**Try it:** All of the data should be reproduced word for word, though its pictures must be omitted.

**Data extract:**
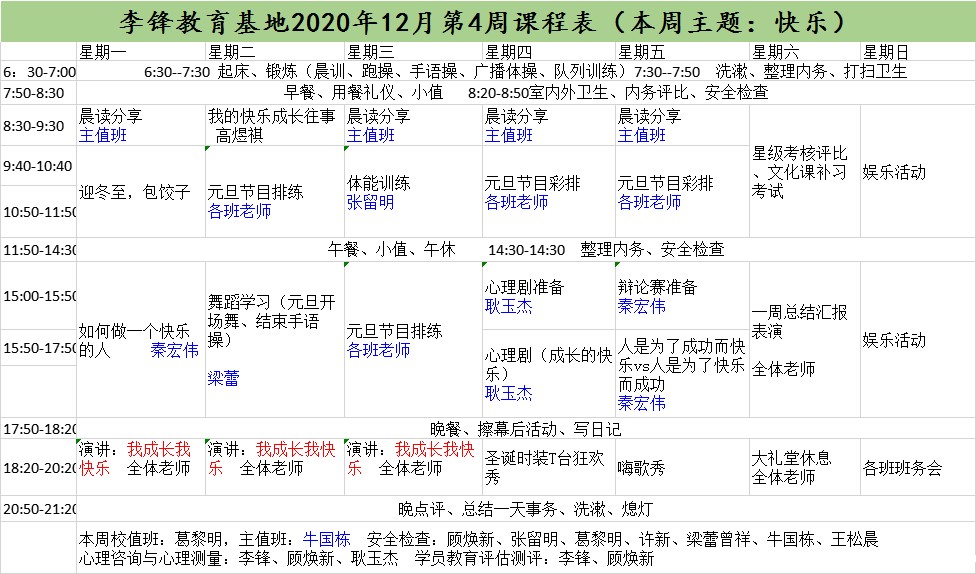 必威登录入口平台官网青少年教育基地2020年12月第4周课程表:本周主题:快乐 必威登录入口平台官网青少年教育基地2020年12月第4周课程表:本周主题:快乐_www.xinmiyue.com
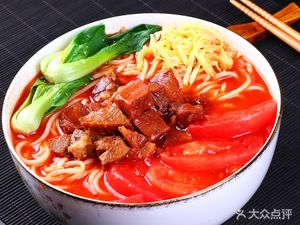 Chinese Lanzhou Beef Noodles (Tonghe Bai Shan East Tianjian Branch)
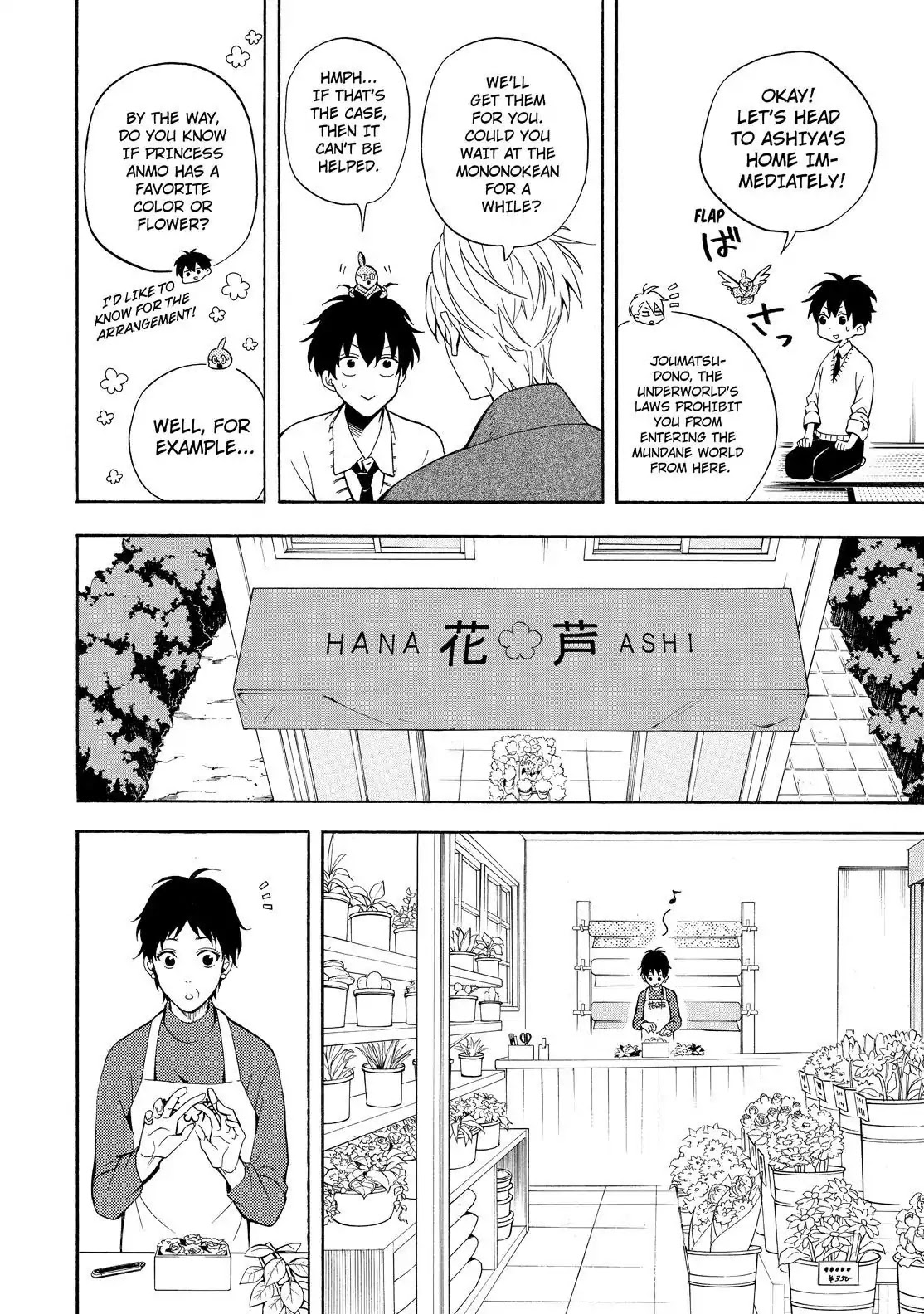 Fukigen na Mononokean Chapter 57 page 11 - Chapter 57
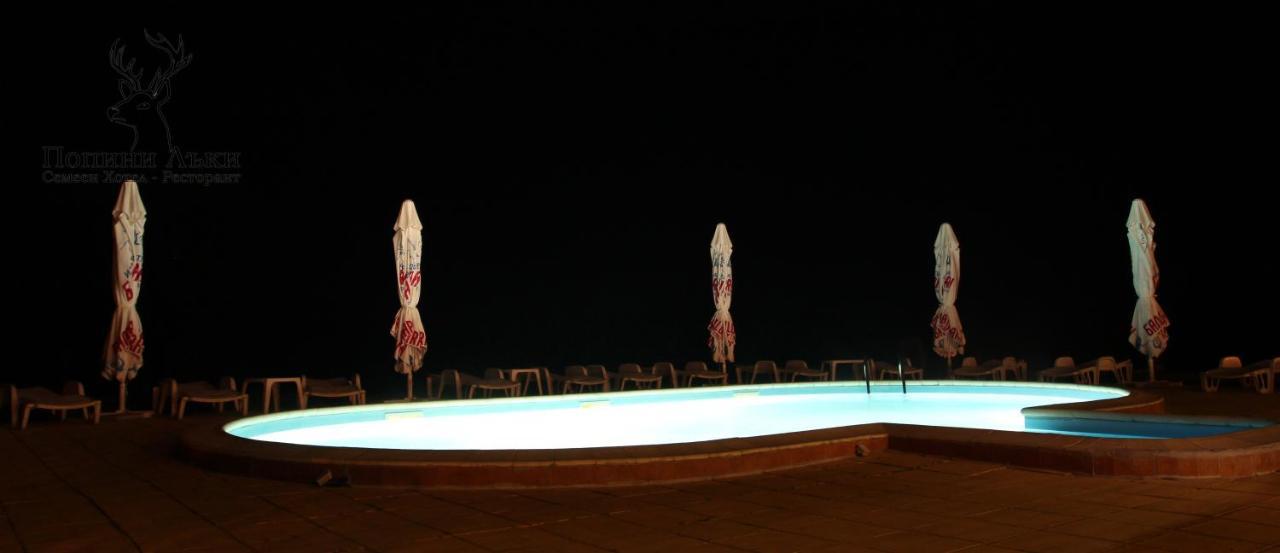 Hotel Restaurant Popini Laki Yagodina Esterno foto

**Solution:**
 必威登录入口平台官网青少年教育基地2020年12月第4周课程表:本周主题:快乐 必威登录入口平台官网青少年教育基地2020年12月第4周课程表:本周主题:快乐_www.xinmiyue.com
 Chinese Lanzhou Beef Noodles (Tonghe Bai Shan East Tianjian Branch)
 Fukigen na Mononokean Chapter 57 page 11 - Chapter 57
 Hotel Restaurant Popini Laki Yagodina Esterno foto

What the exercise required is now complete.